The document filtering system according to claim 7, wherein:
The above-mentioned reference keyword vectors B and Ba represent the characteristics of a document that is not required,
The reference keyword vectors W and Wa represent the required document features,
If the similarity p1 is larger than a predetermined condition value T1 and the similarity p2 is smaller than a predetermined condition value T2, the discriminating unit selects the document as an unnecessary document, and the similarity p1 becomes the unnecessary document. If the similarity p2 is smaller than the condition value T1 and the similarity p2 is larger than the condition value T2, the document is selected as a necessary document.

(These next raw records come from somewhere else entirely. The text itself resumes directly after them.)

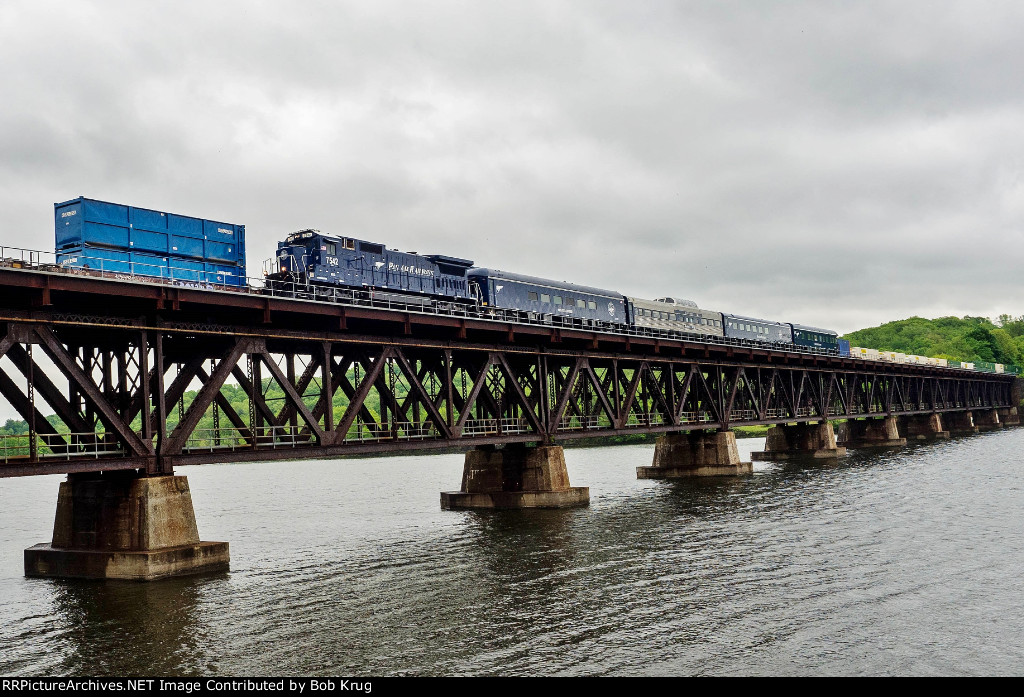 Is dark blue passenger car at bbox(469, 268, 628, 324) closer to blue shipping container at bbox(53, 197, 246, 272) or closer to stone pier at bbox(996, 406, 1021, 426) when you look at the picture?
blue shipping container at bbox(53, 197, 246, 272)

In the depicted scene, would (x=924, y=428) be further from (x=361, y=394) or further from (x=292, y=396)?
(x=292, y=396)

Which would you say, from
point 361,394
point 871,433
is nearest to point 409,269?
point 361,394

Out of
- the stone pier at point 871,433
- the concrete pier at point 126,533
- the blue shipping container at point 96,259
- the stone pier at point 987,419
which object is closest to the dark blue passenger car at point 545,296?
the blue shipping container at point 96,259

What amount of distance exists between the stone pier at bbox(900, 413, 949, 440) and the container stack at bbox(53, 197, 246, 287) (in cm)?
10741

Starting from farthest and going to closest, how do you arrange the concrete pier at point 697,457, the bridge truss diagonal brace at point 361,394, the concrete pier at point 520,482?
the concrete pier at point 697,457, the concrete pier at point 520,482, the bridge truss diagonal brace at point 361,394

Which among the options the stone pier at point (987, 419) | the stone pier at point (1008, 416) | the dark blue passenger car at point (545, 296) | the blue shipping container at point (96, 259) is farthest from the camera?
the stone pier at point (1008, 416)

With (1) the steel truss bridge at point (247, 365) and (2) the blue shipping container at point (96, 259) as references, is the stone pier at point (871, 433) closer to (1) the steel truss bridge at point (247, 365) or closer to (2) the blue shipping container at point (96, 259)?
(1) the steel truss bridge at point (247, 365)

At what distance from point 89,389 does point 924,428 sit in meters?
116

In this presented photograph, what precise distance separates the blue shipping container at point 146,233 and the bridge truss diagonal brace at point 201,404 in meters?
4.03

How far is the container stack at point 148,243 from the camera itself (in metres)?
29.4

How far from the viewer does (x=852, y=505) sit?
44.5m

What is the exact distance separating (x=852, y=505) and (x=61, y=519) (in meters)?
36.7

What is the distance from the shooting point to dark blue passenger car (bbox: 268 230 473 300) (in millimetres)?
40031

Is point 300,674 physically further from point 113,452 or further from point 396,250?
point 396,250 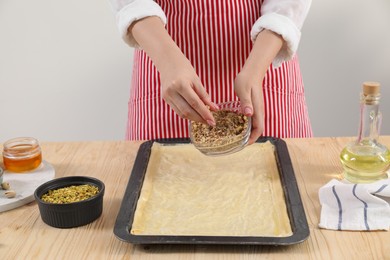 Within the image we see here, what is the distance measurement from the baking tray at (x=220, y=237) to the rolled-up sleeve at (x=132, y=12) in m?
0.41

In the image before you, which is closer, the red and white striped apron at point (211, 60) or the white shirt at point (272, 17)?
the white shirt at point (272, 17)

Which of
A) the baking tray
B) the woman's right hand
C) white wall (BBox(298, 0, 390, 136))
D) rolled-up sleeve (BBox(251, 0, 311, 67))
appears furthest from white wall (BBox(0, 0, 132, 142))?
the baking tray

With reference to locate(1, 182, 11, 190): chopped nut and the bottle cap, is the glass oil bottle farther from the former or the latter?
locate(1, 182, 11, 190): chopped nut

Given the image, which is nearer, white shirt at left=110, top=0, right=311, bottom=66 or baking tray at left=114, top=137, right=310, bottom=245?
baking tray at left=114, top=137, right=310, bottom=245

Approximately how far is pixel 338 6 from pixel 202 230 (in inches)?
76.6

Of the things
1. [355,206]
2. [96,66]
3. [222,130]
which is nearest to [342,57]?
[96,66]

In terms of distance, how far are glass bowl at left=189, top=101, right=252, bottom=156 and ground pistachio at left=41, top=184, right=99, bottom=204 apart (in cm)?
28

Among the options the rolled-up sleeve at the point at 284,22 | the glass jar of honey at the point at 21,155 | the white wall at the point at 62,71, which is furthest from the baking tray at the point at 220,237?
the white wall at the point at 62,71

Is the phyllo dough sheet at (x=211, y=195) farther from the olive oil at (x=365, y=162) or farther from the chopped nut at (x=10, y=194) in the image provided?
the chopped nut at (x=10, y=194)

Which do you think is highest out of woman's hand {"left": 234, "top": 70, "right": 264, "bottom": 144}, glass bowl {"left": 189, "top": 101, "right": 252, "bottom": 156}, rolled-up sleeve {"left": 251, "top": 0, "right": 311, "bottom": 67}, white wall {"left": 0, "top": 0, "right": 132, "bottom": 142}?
rolled-up sleeve {"left": 251, "top": 0, "right": 311, "bottom": 67}

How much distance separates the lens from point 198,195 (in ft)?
4.55

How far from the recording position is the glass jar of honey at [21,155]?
152cm

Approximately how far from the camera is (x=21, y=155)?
4.99 feet

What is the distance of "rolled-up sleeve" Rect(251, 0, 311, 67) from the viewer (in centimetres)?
174
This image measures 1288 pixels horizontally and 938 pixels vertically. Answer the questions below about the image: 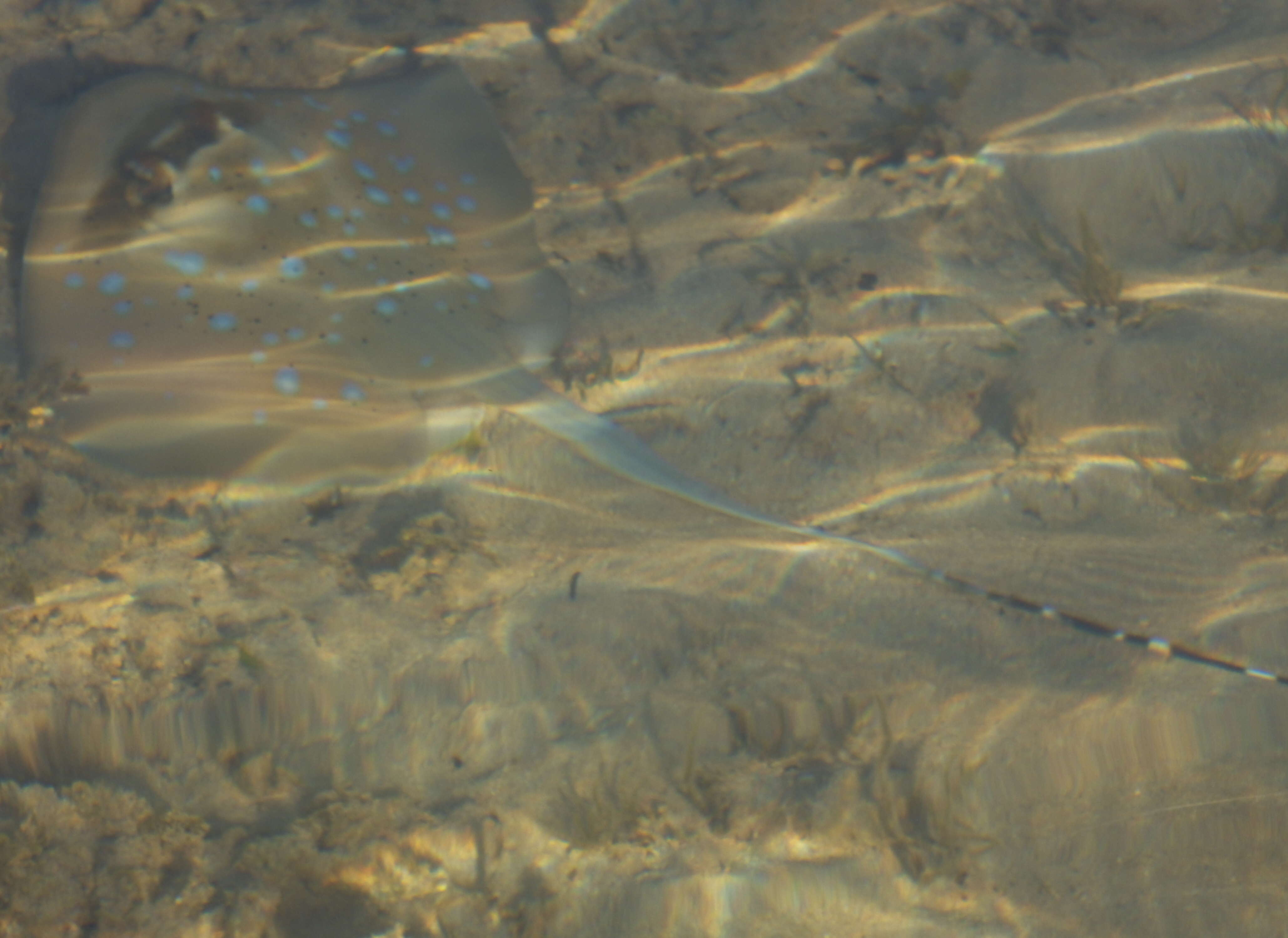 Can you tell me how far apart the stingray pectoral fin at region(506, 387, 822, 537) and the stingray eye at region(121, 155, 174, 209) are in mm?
1814

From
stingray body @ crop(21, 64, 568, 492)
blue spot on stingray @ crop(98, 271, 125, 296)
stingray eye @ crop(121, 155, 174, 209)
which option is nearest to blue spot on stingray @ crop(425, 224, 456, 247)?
stingray body @ crop(21, 64, 568, 492)

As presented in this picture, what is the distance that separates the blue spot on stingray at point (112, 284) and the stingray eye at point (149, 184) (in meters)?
0.35

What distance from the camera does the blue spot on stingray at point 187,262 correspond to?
3.41 meters

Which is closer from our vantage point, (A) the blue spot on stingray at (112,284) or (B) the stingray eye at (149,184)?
(A) the blue spot on stingray at (112,284)

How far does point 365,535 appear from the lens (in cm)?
328

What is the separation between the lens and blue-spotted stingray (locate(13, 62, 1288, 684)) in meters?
3.22

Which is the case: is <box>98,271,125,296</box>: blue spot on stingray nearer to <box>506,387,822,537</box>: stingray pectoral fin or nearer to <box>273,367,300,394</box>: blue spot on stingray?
<box>273,367,300,394</box>: blue spot on stingray

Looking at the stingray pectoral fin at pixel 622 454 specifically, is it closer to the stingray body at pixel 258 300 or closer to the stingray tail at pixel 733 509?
the stingray tail at pixel 733 509

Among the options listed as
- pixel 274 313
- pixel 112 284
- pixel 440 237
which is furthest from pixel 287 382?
pixel 440 237

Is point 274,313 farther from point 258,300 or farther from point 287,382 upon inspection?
point 287,382

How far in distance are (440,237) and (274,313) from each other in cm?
88

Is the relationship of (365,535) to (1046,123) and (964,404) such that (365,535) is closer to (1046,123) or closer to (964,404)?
(964,404)

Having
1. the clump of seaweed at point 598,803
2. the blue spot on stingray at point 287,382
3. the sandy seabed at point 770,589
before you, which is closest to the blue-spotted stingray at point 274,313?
the blue spot on stingray at point 287,382

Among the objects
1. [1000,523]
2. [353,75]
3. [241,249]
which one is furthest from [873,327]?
[353,75]
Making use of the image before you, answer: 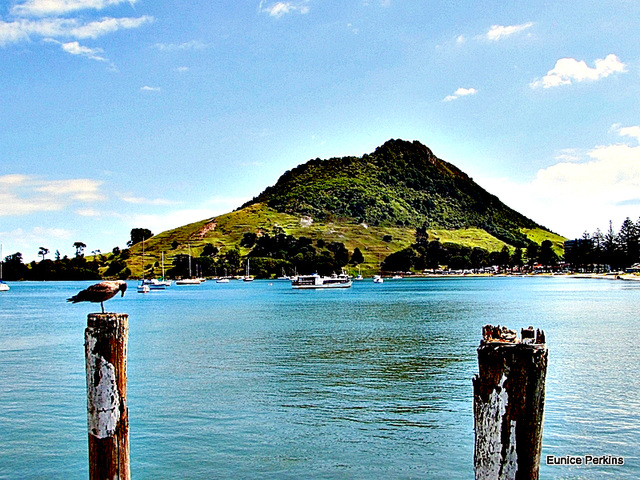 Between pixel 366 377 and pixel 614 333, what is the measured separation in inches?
1199

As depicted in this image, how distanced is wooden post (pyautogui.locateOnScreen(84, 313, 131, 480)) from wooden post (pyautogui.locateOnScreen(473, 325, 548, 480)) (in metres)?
5.86

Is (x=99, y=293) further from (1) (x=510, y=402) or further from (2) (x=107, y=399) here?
(1) (x=510, y=402)

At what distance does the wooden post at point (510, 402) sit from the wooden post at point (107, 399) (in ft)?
19.2

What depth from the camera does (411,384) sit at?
29.8 metres

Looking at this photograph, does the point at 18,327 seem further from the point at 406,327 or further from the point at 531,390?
the point at 531,390

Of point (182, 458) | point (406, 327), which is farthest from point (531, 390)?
point (406, 327)

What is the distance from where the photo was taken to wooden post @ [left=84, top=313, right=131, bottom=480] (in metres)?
10.8

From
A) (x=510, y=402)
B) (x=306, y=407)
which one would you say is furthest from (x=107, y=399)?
(x=306, y=407)

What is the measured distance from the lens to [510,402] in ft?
28.5

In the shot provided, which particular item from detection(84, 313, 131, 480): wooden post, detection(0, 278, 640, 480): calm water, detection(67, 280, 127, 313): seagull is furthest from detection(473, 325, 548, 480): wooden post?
detection(0, 278, 640, 480): calm water

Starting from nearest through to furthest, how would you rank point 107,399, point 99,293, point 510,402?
1. point 510,402
2. point 107,399
3. point 99,293

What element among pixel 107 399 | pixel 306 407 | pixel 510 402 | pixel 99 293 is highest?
pixel 99 293

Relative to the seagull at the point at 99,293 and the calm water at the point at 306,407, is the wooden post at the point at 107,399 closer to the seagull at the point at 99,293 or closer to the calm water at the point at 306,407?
the seagull at the point at 99,293

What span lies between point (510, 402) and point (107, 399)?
6539 millimetres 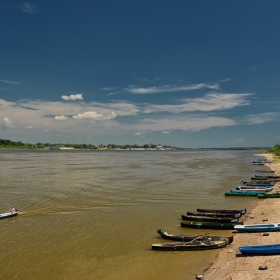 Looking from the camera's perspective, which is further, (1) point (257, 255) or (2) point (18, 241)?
(2) point (18, 241)

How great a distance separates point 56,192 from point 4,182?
49.5ft

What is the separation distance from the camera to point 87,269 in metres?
17.2

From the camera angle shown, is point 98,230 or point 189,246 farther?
point 98,230

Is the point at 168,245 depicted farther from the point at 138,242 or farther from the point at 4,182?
the point at 4,182

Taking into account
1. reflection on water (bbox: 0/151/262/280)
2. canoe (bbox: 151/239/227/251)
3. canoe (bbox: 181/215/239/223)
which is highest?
canoe (bbox: 181/215/239/223)

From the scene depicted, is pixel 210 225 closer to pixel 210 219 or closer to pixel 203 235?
pixel 210 219

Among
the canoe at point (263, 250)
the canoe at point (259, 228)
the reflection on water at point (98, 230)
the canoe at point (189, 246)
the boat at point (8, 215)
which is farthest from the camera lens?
the boat at point (8, 215)

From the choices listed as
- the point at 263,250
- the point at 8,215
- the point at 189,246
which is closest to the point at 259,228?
the point at 263,250

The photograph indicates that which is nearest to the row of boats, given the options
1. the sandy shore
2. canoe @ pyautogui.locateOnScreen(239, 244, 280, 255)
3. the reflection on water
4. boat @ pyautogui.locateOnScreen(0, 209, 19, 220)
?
the reflection on water

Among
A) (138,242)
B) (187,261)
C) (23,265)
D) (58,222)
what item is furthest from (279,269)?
(58,222)

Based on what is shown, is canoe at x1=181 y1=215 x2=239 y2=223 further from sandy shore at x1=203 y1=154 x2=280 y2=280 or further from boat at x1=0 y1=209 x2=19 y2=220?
boat at x1=0 y1=209 x2=19 y2=220

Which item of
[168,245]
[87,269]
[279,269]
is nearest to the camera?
[279,269]

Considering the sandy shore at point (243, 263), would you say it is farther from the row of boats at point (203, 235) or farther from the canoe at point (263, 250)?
the row of boats at point (203, 235)

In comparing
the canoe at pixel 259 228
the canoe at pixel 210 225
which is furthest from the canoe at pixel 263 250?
the canoe at pixel 210 225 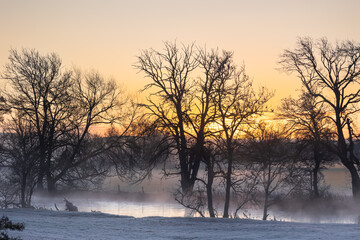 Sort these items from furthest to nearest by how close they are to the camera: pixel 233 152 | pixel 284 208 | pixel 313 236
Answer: pixel 284 208, pixel 233 152, pixel 313 236

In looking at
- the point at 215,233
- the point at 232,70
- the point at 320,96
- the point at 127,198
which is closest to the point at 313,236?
the point at 215,233

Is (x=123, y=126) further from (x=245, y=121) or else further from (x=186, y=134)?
(x=245, y=121)

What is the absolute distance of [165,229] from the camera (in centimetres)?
2355

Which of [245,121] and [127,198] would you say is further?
[127,198]

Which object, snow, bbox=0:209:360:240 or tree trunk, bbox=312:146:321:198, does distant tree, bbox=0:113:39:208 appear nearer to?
snow, bbox=0:209:360:240

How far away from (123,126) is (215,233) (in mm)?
29910

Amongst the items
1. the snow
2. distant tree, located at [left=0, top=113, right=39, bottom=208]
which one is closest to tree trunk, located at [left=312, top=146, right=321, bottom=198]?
the snow

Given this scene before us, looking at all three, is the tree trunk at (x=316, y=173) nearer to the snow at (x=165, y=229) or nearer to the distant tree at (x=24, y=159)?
the snow at (x=165, y=229)

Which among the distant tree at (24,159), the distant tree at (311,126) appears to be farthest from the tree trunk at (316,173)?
the distant tree at (24,159)

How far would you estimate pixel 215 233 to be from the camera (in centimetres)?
2209

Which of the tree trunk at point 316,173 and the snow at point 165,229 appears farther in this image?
the tree trunk at point 316,173

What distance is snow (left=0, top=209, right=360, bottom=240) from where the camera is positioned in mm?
20547

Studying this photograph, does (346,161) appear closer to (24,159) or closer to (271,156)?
(271,156)

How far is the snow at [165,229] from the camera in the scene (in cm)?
2055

A document filtering system according to claim 7 or claim 8, wherein:
A document filtering system, wherein the reference keyword vector B and the reference keyword vector Ba are the same, and the reference keyword vector W and the reference keyword vector Wa are the same.

The document filtering system according to any one of claims 1 to 9, wherein
For a document that cannot be determined as an unnecessary document or a necessary document by the determination unit, the calculation of the similarity based on the keyword vector and the selection based on the similarity are repeated to determine whether the document is an unnecessary document or a required document. A document filtering system comprising means for selecting one of them.

The document filtering system according to claim 10, wherein
A document filtering system characterized by arbitrarily replacing a reference keyword vector used for calculation in repeating the calculation of similarity.

The document filtering system according to any one of claims 1 to 11, wherein the input document comprises an electronic mail, and the electronic mail is selected.

A program for causing a computer to function as each unit in the document filtering system according to claim 1.